Diagnostic manufacturers are turning their attention to antibodies for those who have been vaccinated for the SARS-CoV-2 virus, and the U.S. FDA’s Tim Stenzel had some advice about this on the Feb. 10 testing town hall. Stenzel advised that developers think of such tests in the same vein as a companion diagnostic (CDx) in that these antibody test will have to be separately validated for each vaccine that is included in the test’s labeled claims.

The question of vaccine efficacy has been complicated by the emergence of several variants of the virus, and Stenzel tackled the question of validating tests for these new variants in a previous edition of the town hall. The key question for tests for response to a vaccine is sensitivity rather than specificity, and vaccine specificity will be key to quantitative antibody tests for the vaccines now being widely administered across the U.S.

Stenzel, director of the FDA’s Office of In Vitro Diagnostics and Radiological Health (OIR), said a test developer will have to separately validate a test for the key antibodies generated by any vaccines that will be included in the product label. This is not dissimilar to validation of a CDx, in that a CDx is evaluated per a specific drug agent regardless of the target of the therapy.

Pre-test before vaccination recommended

Any validation study should include a test of the individual prior to vaccination, which will go toward demonstrating the test is not subject to a problematic level of false negatives. The validation study should depict the number of days that typically elapse before the vaccine generates a sufficient level of antibodies to confer immunity.
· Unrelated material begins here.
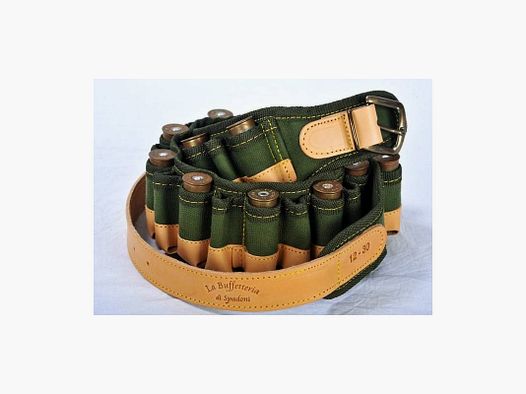 Rifle cartridge bag in canvas and leather 30 cells Buffetteria Spadoni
Sponsors may want to lend as much specificity as to how they expect these parameters would play out before submitting any information for the emergency use authorization (EUA) filing, in order to economize both the developer’s and the FDA review team’s time and effort.

Toby Lowe, associate director of OIR, said unique device identifier (UDI) registration has not been typically required for tests granted access via the EUA program, although several EUAs have been authorized specifically with this requirement. Sponsors are at liberty to include a UDI index number for their tests, which is particular helpful for test kits shipped to clinical labs. Inclusion of UDI index numbers will help those labs fulfill an HHS lab reporting requirement related to UDIs as depicted in an HHS lab reporting guidance.

Stenzel said sponsors that are transferring ownership of a pending EUA submission should probably handle any related paperwork with the agency prior to the EUA filing. Post-authorization changes in ownership can be handled by notifying the lead reviewer for that filing.

One participant asked about the FDA’s agreement with NDA Partners LLC, of Rochelle, Va., to review lab-developed tests and whether the agency intends to resume review of individual EUAs for LDTs anytime soon. Stenzel had little more to say about this than to indicate the agency and the Department of Health and Human Services are discussing the predicament, although he did not directly reference the August 2020 HHS rescission order for LDT regulation.

Home-use serology template still in process

Home-use serology testing is the subject of a template that is in development at the agency, but Stenzel declined to predict when the FDA would publish the template. However, the agency will advise applicants about the agency’s current thinking about the validation requirements for such tests via the pre-EUA process.

Stenzel said the agency’s current thinking on validating an existing test for the novel variants of the SARS-CoV-2 virus may be best handled with the help of whole-genome sequencing. The agency is accepting applications for any subset of variants the developer would ask the agency to review. However, he said the agency would prefer that sponsors consider the prospect that new variants will emerge.

Any de novo applications for tests that were marketed under an EUA that come after a similar submission will be converted to a 510(k) and the difference in user fees will be refunded. Stenzel said the sponsor in this scenario would not have to revise and resubmit their dossier. The FDA is also still prioritizing submissions for tests that can meaningfully increase overall volume of testing, along with those that increase accessibility.